Brief: Exact copy, no pictures: return all the data below as written.

Input data:
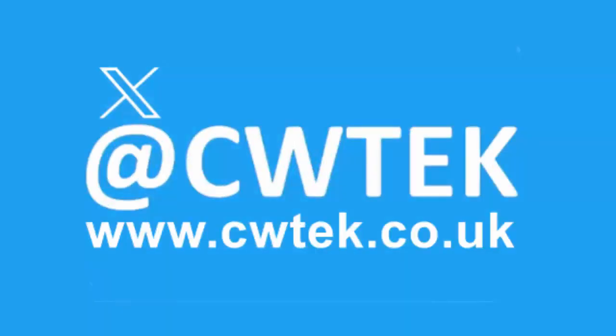You can check me out on X. I'm at CWTEK. You can also check out my website. It's CWTEK.co.uk. Thanks for watching and speak to you again soon.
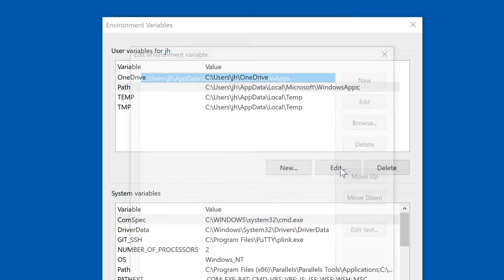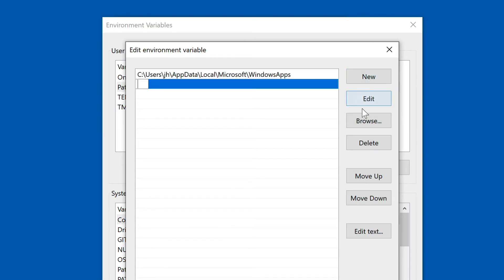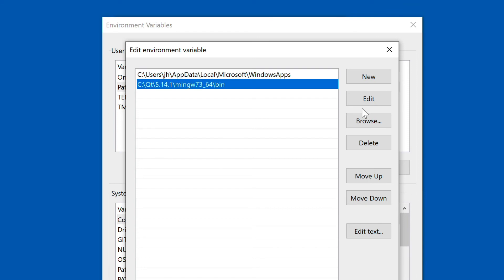We select Path and then click Edit. Now we have to create two new entries. The first one is the location of the Qt DLLs: C:\Qt\5.14.1\mingw73_64\bin. That's Qt compiled with MinGW of that particular version, pointing to the binary directory. MinGW itself also provides some DLLs, so we need a second entry.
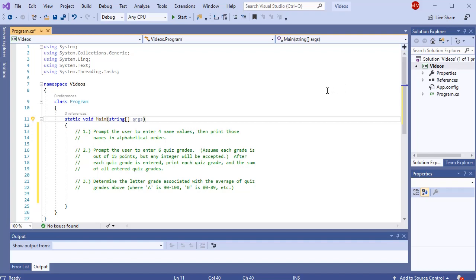Hello everyone. In this video I'm going to walk through an example that shows how to use arrays, formatted output, and conditional logic — all of the components we've talked about so far. But mostly we're focusing on arrays, which is our new topic.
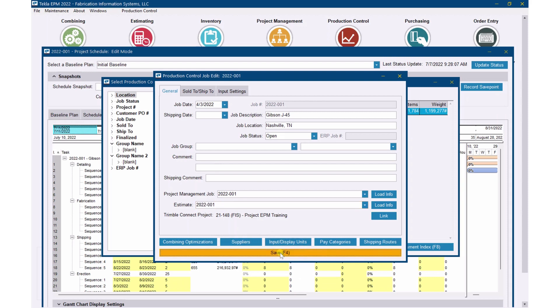That link gets us reporting between estimate and actual schedule. This right here gets hours linked so they can flow into the schedule as well. I'm going to save this. What we'll find when we do this — going back over to the schedule and updating status — is that hours start flowing into the project. I'll open up the production control job once it finishes saving, and you'll see hours coming in from the estimate.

Problem solution:
You can check me out on X. I'm at CWTEK. You can also check out my website. It's CWTEK.co.uk. Thanks for watching and speak to you again soon.
We select Path and then click Edit. Now we have to create two new entries. The first one is the location of the Qt DLLs: C:\Qt\5.14.1\mingw73_64\bin. That's Qt compiled with MinGW of that particular version, pointing to the binary directory. MinGW itself also provides some DLLs, so we need a second entry.
Hello everyone. In this video I'm going to walk through an example that shows how to use arrays, formatted output, and conditional logic — all of the components we've talked about so far. But mostly we're focusing on arrays, which is our new topic.
That link gets us reporting between estimate and actual schedule. This right here gets hours linked so they can flow into the schedule as well. I'm going to save this. What we'll find when we do this — going back over to the schedule and updating status — is that hours start flowing into the project. I'll open up the production control job once it finishes saving, and you'll see hours coming in from the estimate.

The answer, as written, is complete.